The price of oil has plummeted by about 5%, despite oil-producing nations agreeing to extend production cuts for a further nine months.
Meeting in Vienna, energy ministers from both Opec and non-Opec countries agreed to maintain output curbs, due to expire next month, until March 2018.
But investors had been hoping the oil producers would go further.
Brent crude is $2.60 lower at $51.36 a barrel, while West Texas Intermediate is down $2.58 at $48.78 a barrel.
Saudi Arabia's energy minister, Khaled al-Falih, who co-chaired the meeting with his Russian counterpart Alexander Novak, said: "We considered various scenarios from six to nine to 12 months and we even considered options for higher cuts.
"All indications are solid that a nine-month extension is the optimum, and should bring us to within the five-year average of inventories by the end of the year."

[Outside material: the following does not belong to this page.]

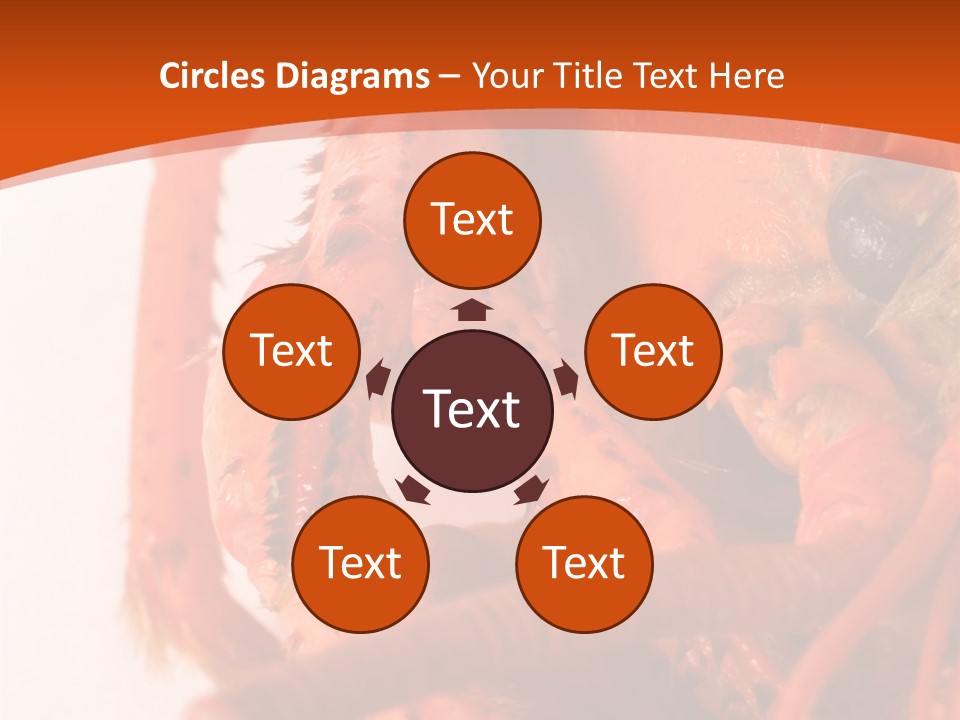 People Di Cu Ion Toon PowerPoint Template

Opec countries and 11 other oil-producing nations, including Russia, first agreed to reduce production last December in an effort to boost flagging prices.
The reduction was almost 1.8 million barrels per day - equivalent to about 2% of global oil production.

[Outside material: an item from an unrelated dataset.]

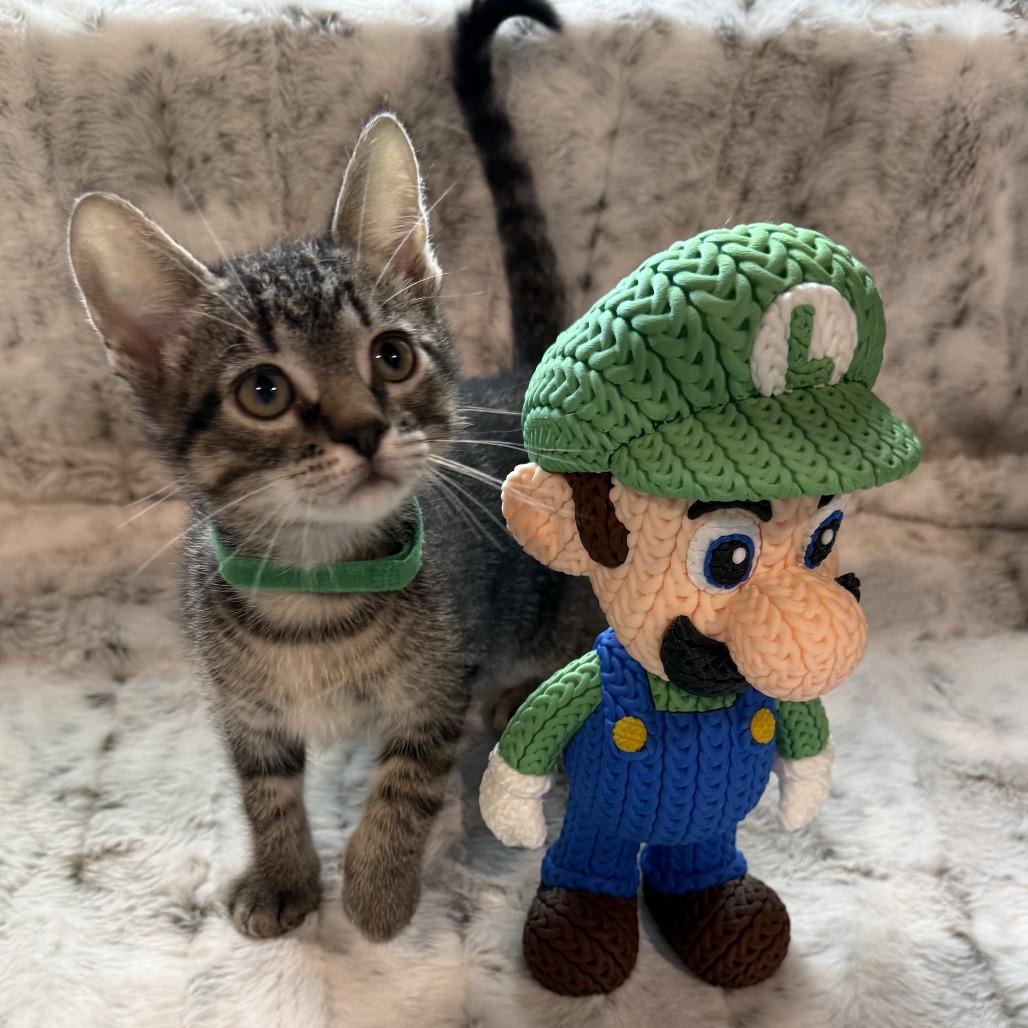 Luigi, a Adoptable Domestic Short Hair in Normal, IL image 3/4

Analysts criticised Opec's failure to make deeper cuts to production.
Chris Beauchamp at online trading firm IG, described Mr Falih's belief that greater reductions were not needed as "quaint", while Alexandre Andlauer of equity research firm Alphavalue said Opec's strategy was "old-fashioned".

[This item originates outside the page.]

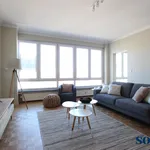 Huur 1 slaapkamer appartement in Antwerpen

Neil Wilson at ETX Capital said Opec members "bottled it", adding: "A nine-month extension just isn't enough to really lift oil prices as we'll continue to see US shale fill the gap. Having said they'd do whatever it takes, Opec is looking a bit toothless now.
"Faced with kind of glut and the scale of the market, the cartel would be better off cutting a lot deeper but for less time than trying to prolong fairly timid cuts."
Gary Ross, head of global oil at PIRA Energy, part of S&P Global Platts, said: "Russia has an upcoming election and Saudis have the Aramco share listing next year, so they will indeed do whatever it takes to support oil prices."
Analysis: Andrew Walker, BBC economics correspondent
Investors in the financial markets weren't much impressed by this agreement. The price of crude oil has fallen.
The Vienna deal was perhaps the minimum they expected, after reports of widespread support among the countries concerned for a nine-month extension.
Some thought the production cuts might be deepened and were disappointed when the group simply extended the existing ceiling.
In any event Opec and the other countries involved have a problem with the American shale oil industry.
Cutting production creates a space in the market that shale producers can step into and higher prices make them more profitable. They will be the unintended beneficiaries of the Vienna agreement, even if it does succeed in the group's objective of getting commercial stocks of crude oil down.
There is quite an irony in that. After all the rise of US shale is one of the central reasons Opec, Russia and the other countries had a problem to start with.